Il est l’heure de se rapprocher des marches les plus mythiques du monde, juste après celles de Cannes et celles d’Apollo 11 : Les marches du Pier de kailua-kona. Pour nous, triathlètes boursoufflés de suffisance, ce sont les marches qui mènent au Saint Grall. Pour tous les autres, ce sont des marches… A la limite, qui mènent à une plage minable (y’a même pas de plage, en fait) dans un endroit quelconque du Pacifique.
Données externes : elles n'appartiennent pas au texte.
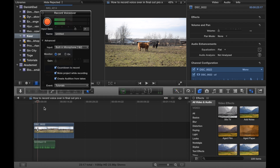This recording is made using a blanket over my head and simply plugging an ordinary iPhone headset into my computer and using that as a microphone.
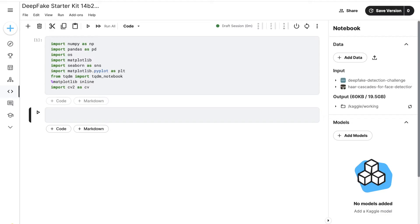The seventh line imports tqdm_notebook from the tqdm library, a tool for adding progress bars to loops in Python, helpful for tracking the progress of time-consuming tasks. The eighth line, %matplotlib inline, is a magic command in Jupyter notebooks that tells Matplotlib to display plots inline. The last line imports OpenCV as CV — OpenCV is a library for computer vision tasks like image and video processing, providing functions for image filtering, feature detection, and object recognition. Overall, these libraries are essential tools for data analysis, visualization, and computer vision tasks in Python.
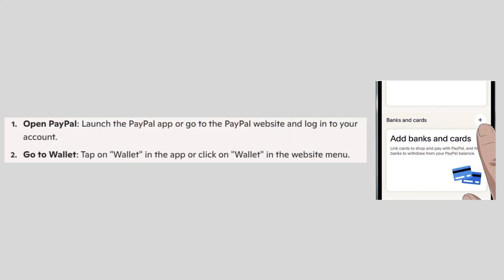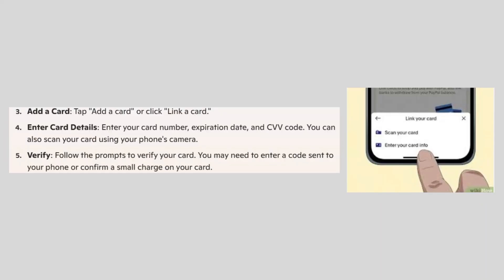First launch the PayPal app or go to the PayPal website and login to your account. Then tap on wallet in the app and click on wallet in the website menu.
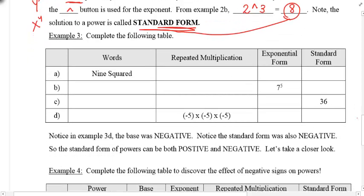Try example three on your own. It has a table asking you to write powers in words, repeated multiplication, exponential form, and standard form. I'll do the first row. In part A, it says nine squared. As repeated multiplication, squared means two nines: nine times nine. In exponential form, that's nine to the exponent of two. Standard form means calculate it: nine times nine is 81. Row A is complete — now try row B.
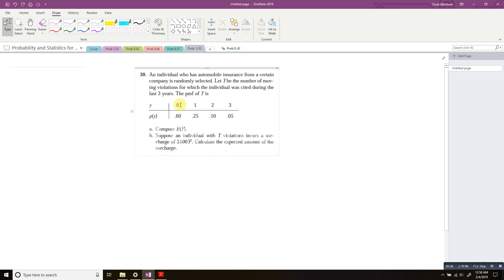So from the table: when there are zero violations, the probability is 0.60 or 60%. For one violation, the probability is 25%. For two violations, the probability is 10%. For three violations, it's 0.05 or 5%. Question (a) is asking: what is the expected value?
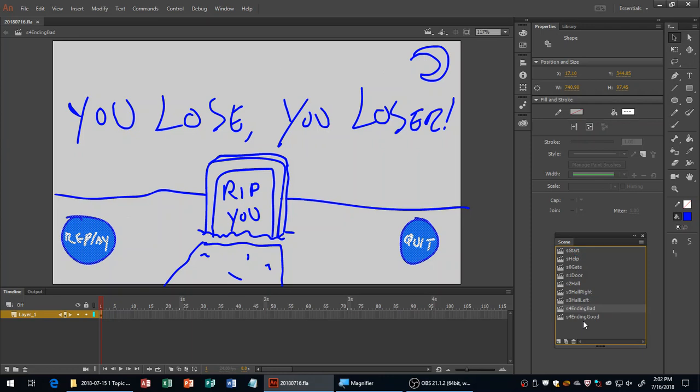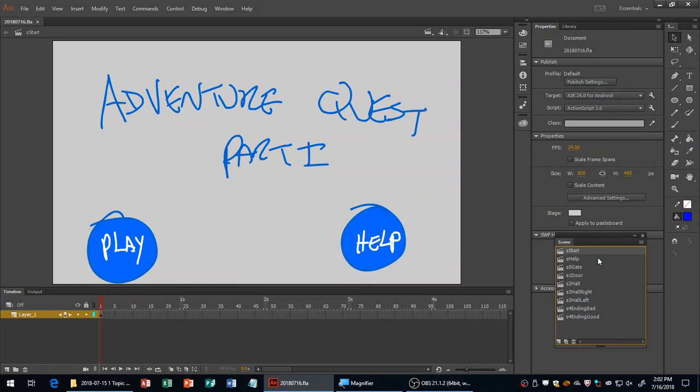Let's take a 10-minute break until 2:12. When we come back, we'll start creating symbols from our various drawings, do a little coding, then have lab time for you to work on Tap Frenzy. We'll come back on Wednesday and continue.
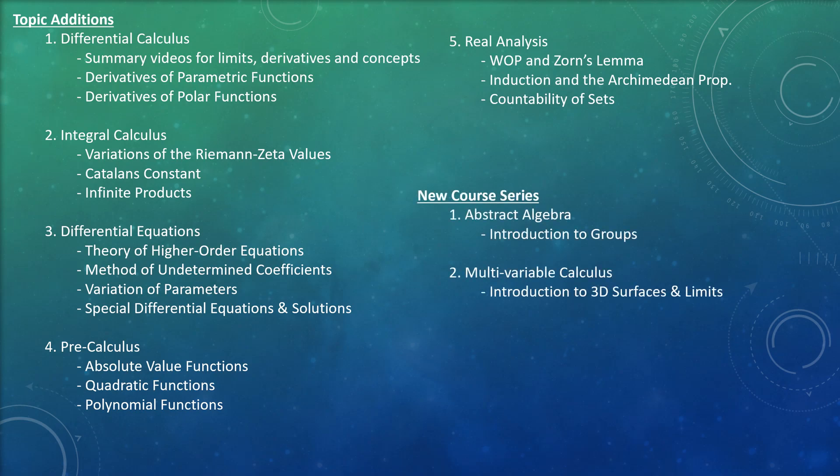In addition to these five series which I've been focusing on since I first started the Let's Learn Nemo project, I want to include some introductory videos for abstract algebra and multivariable calculus. For abstract algebra, I want to start talking about basic binary operations on sets, which can lead into the discussion of groups and abelian groups. For now that's all I plan to focus on over the next month.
Mais à ce moment c’est le centre de mon monde et l’hymne américain chanté a capela pour un hawaiien en costume local (un pagne et une couronne de fleurs sur la tête) me donne la chair de poule. 6h30. Le coup de canon libère les pros. L’histoire est en marche. Comme le reste des Age Groups, je descends les Marches pour me retrouver les pieds dans l’eau. Le départ ayant lieu 100 m plus loin, j’attends un peu avant de me rendre sur la ligne. Pas la peine de faire 20 minutes de retro pédalage. Les 7h00 approchent. Je me mets à l’eau. La pression monte un peu. Je me mets plutôt à gauche. Je nage pour m’échauffer un peu. L’eau est chaude, claire, bleue. Les poissons multicolores nous regardent en se marrant : c’est quoi ces créatures qui déshonorent le métier  en nageant  en surface …n’importe quoi, really the loose, shame on you !!! (ce sont des poissons américains quand même). Welcome to kona !!! Are you ready ??? speake Mike the Voice of Ironman. Oui Mike, je suis ready. See you in ten hours.

PAN !!!

 

Le coup de canon libère le banc de nageuses et nageurs. Et c’est quelque chose. Le problème des courses à qualification, c’est que le niveau est obligatoirement plus serré. Et comme je suis moyen en natation, je suis dans le ventre mou du peloton, qui se déplace à ma vitesse. Ce n’est pas vraiment que çà bastonne dur. C’est plutôt que je n’ai pas la place pour nager. J’essaie de prendre des pieds mais il y a trop de bulle et je ne vois pas grand-chose.  Pas de panique. Déjà, le sel de l’océan Pacifique joue son rôle de combinaison et je suis suffisamment porté pour ne pas trop user de mon capital flottabilité. Je lève la tête très souvent (Johnny  Weissmuler) pour, soit essayer de trouver de la place, soit repérer la bouée suivante ou, à défaut, le voilier du demi tour. Je n’arrive pas à rendre de « vitesse » et je me retrouve au voilier en 33’. Misère, ce n’est pas aujourd’hui que je vais faire une grosse natation. Essayons déjà de limiter les dégâts. Pour le retour, j’essaie de prendre le sillage d’un poisson pilote. Je n’y arrive que trop peu souvent et le verdict est là en sortant de l’eau : 1h09. Ma plus mauvaise nage de toute mon histoire triathlètique. Pour autant, cela n’affecte pas du tout mon mental. Si je fais une bonne transition, je peux un peu rattraper ce retard sur mon plan de marche. Alors je m’applique mais comme j’ai nagé en maillot, il faut que je mette cardio, singlet, manchons de compression…bref je fais une transition correcte mais sans plus. Allez, je cours chercher mon vélo et je sors du parc. Je regarde mon chrono..1h10 !!! Mer.., il s’est arrêté. Je vérifie / à l’heure de départ : OK, il faut que je rajoute 4’. Pas de panique…PAS DE PANIQUE !!!!!!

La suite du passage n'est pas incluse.